The paper identifies two distinct dynamic Dzyaloshinskii-Moriya mechanisms contributing to singlet-triplet transitions in alpha'-NaV2O5, expanding understanding of spin-phonon interactions.

Findings

Magnetic field splits the triplet excitation at 65.4cm-1.

The spin gap remains field-independent up to 33T.
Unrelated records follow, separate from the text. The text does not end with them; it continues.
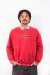 Blusa de Moletom Vermelha - comprar online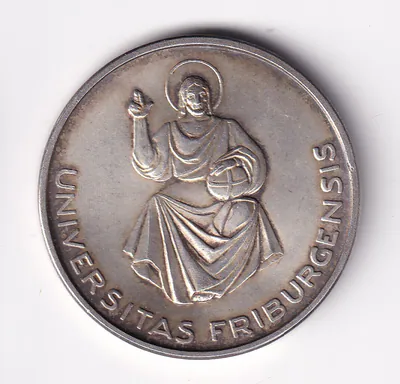 Medaille Silber Universität Freiburg Schweiz 15.9 Gramm, .900 fein nsw-leipzig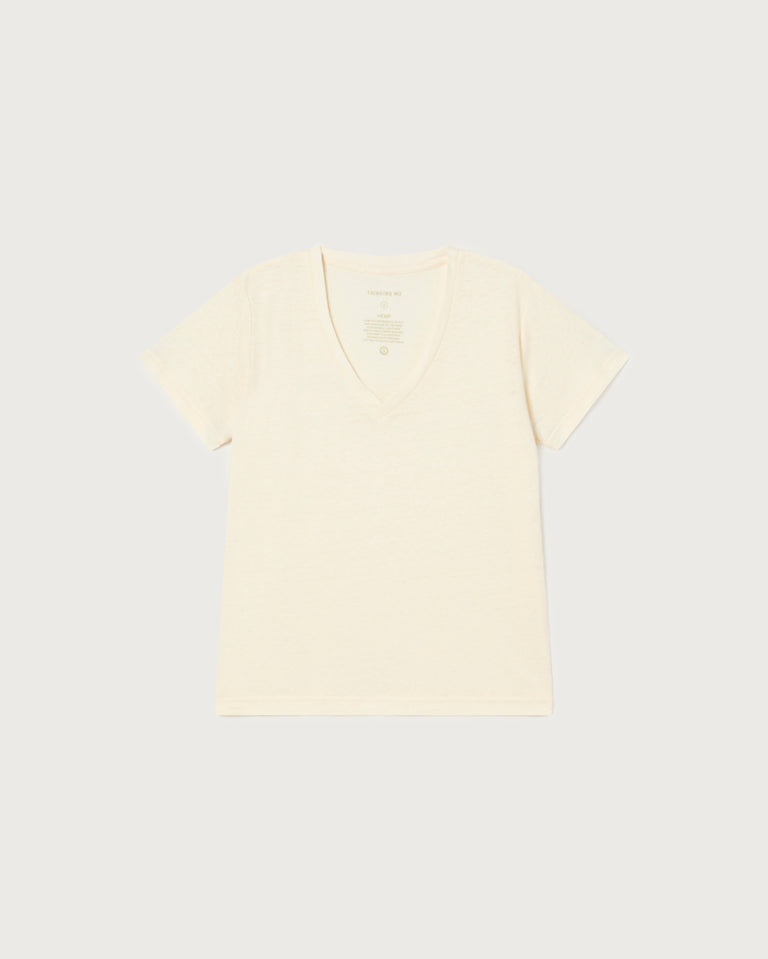 Camiseta ligera cruda Hemp Clavel sostenible -silueta 1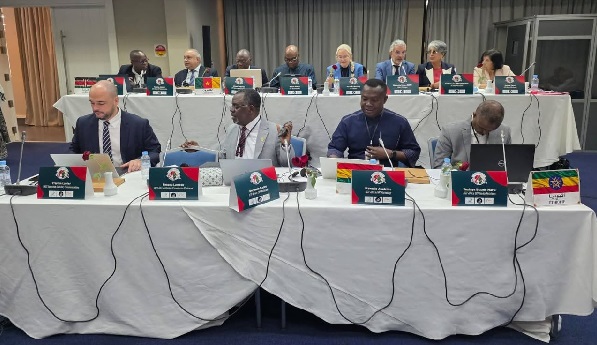 Mawuko Afadzinu, seated 2nd from right at the meeting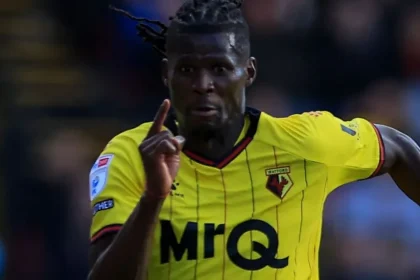 Vakoun Bayo now has five goals in 12 games for Watford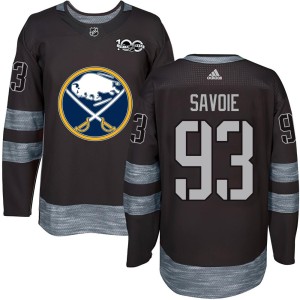 Matthew Savoie Youth Buffalo Sabres Authentic Black 1917-2017 100th Anniversary Jersey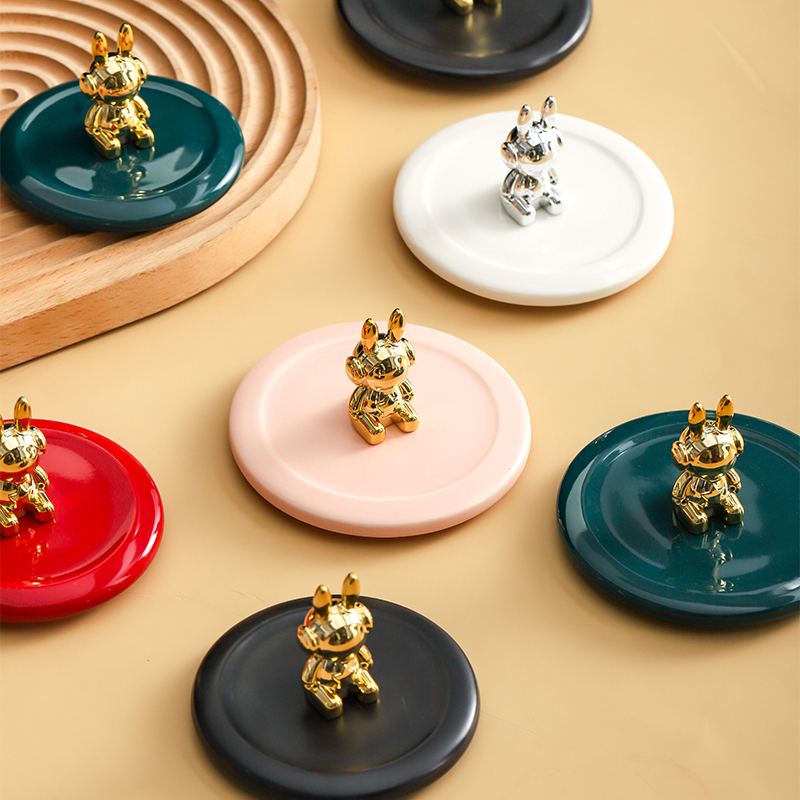 陶瓷杯盖配盖万能通用防尘盖单卖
Dynamic DM interactions enable otherwise forbidden singlet-triplet transitions.

Abstract

We have studied far infrared transmission spectra of alpha'-NaV2O5 between 3 and 200cm-1 in polarizations of incident light parallel to a, b, and c crystallographic axes in magnetic fields up to 33T. The triplet origin of an excitation at 65.4cm-1 is revealed by splitting in the magnetic field. The magnitude of the spin gap at low temperatures is found to be magnetic field independent at least up to 33T. All other infrared-active transitions appearing below Tc are ascribed to zone-folded phonons. Two different dynamic Dzyaloshinskii-Moriya (DM) mechanisms have been discovered that contribute to the oscillator strength of the otherwise forbidden singlet to triplet transition. 1. The strongest singlet to triplet transition is an electric dipole transition where the polarization of the incident light's electric field is parallel to the ladder rungs, and is allowed by the dynamic DM interaction created by a high frequency optical a-axis phonon. 2. In the incident light polarization perpendicular to the ladder planes an enhancement of the singlet to triplet transition is observed when the applied magnetic field shifts the singlet to triplet resonance frequency to match the 68cm-1 c-axis phonon energy. The origin of this mechanism is the dynamic DM interaction created by the 68cm-1 c-axis optical phonon. The strength of the dynamic DM is calculated for both mechanisms using the presented theory.